→ Activity: Search the entries for the string "Chapter" and give the number of lines that hold it, nothing more.

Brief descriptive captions
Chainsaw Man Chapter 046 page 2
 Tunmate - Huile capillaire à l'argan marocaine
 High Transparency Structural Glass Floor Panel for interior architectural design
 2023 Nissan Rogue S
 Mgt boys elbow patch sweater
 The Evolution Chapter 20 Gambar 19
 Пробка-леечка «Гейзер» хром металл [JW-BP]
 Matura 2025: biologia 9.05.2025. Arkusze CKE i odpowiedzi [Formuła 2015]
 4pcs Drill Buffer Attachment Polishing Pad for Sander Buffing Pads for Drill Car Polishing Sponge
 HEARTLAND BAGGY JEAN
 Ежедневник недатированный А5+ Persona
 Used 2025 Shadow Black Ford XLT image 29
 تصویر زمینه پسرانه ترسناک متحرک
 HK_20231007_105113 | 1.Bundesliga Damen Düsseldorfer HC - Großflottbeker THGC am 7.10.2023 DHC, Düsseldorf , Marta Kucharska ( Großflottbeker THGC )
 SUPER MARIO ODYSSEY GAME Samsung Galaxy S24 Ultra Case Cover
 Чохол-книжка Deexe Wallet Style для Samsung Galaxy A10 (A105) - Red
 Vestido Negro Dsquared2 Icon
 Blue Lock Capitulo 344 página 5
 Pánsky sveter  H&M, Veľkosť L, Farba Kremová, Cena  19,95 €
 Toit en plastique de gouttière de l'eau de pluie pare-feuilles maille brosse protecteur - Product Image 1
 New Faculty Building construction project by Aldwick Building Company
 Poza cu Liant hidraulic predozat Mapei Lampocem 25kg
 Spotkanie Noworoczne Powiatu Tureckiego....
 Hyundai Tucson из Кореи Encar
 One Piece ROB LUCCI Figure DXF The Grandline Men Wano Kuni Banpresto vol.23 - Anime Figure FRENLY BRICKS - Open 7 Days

→ Exercise response: 2